Wednesday 21 August 2019

Pressure grows on Joe Schmidt as more player exits loom

Leinster's Martin Moore. Picture credit: Stephen McCarthy / Sportsfile
Leinster's Martin Moore. Picture credit: Stephen McCarthy / Sportsfile
David Kelly

David Kelly

Does it feel like a player drain now? With Keith Earls seemingly on the brink of joining clubmates Simon Zebo and Paul O'Connell in leaving Irish shores, beleaguered Munster supporters may probably think so. Perhaps Leinster fans, too, now that Marty Moore is confirmed in joining Ian Madigan on the way out.

Then again, the IRFU and the various clubs will continue to insist that the departures are a necessary adjunct of the sport's cyclical nature and, as usual, references to sterling's strength will be enumerated in the cases of Earls and Moore.
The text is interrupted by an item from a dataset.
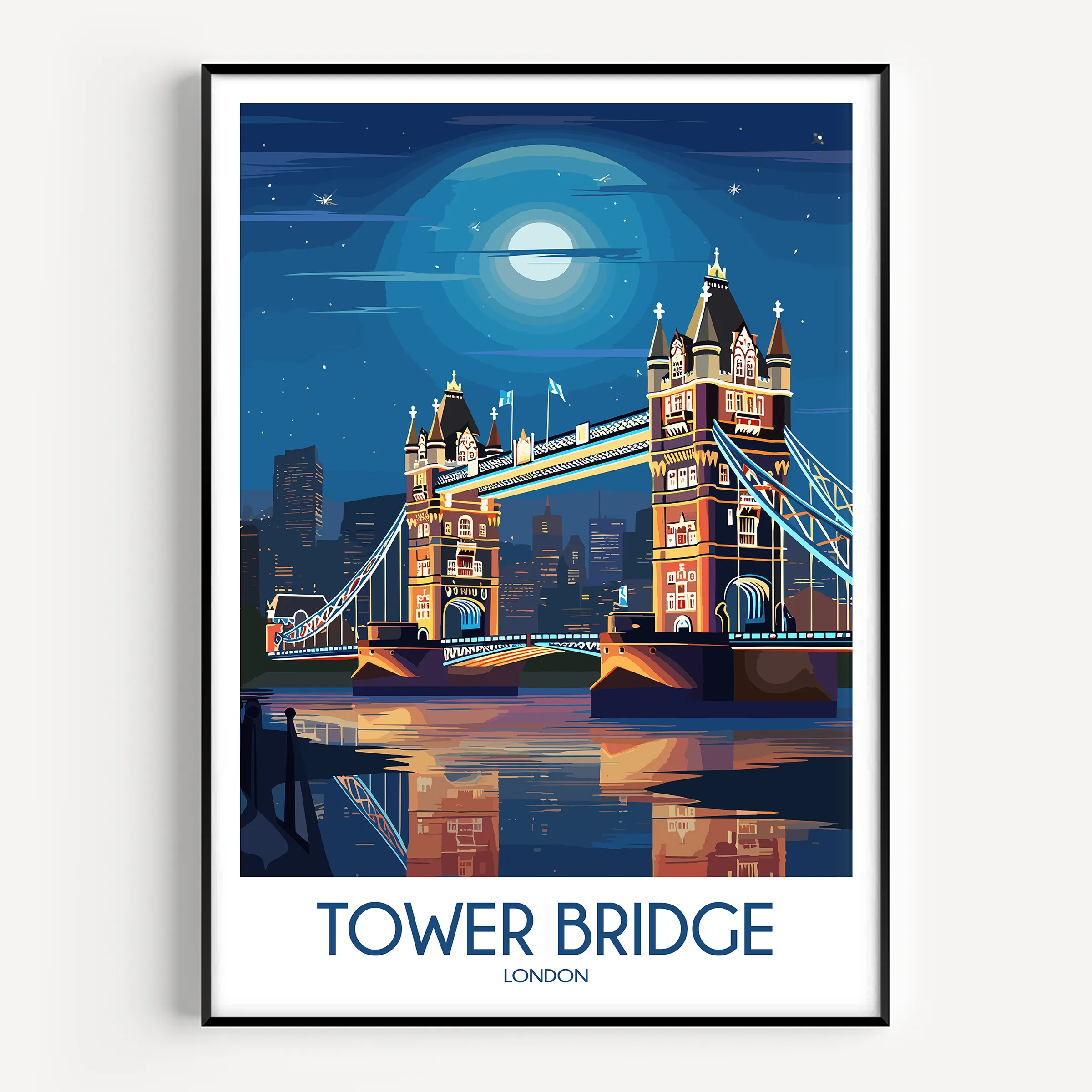 Tower Bridge Gallery Quality Print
The IRFU, led by David Nucifora and Joe Schmidt, will still insist that Ireland's strength in depth can inure them against the latest raft of playing departures.

But when the World Cup utterly undermined this argument, the pressure grows on the Ireland team in this Six Nations to do what the provinces have already failed to do in Europe, by proving on the field that Irish rugby can withstand the increasing barrage of off-field attractions.
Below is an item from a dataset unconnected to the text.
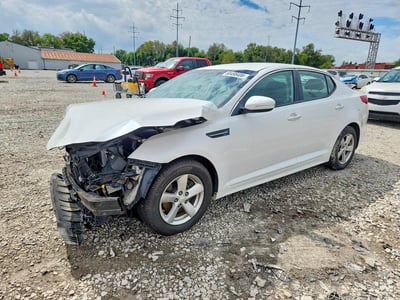 KNAGM4A70F5****** 2015 Kia Optima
The success of the Player Welfare System in keeping players at home was not merely predicated upon money and player comforts but also on success.

If the pursuit of success becomes more and more elusive, then it stands to reason that the tectonic plates are beginning to shift.

Ireland must shift the narrative during the Six Nations and only success can avoid the smell of a sporting institution entering a slow decline, rather than embracing an exciting renewal.

Moore's departure arrived in manifestly different circumstances to that of Earls.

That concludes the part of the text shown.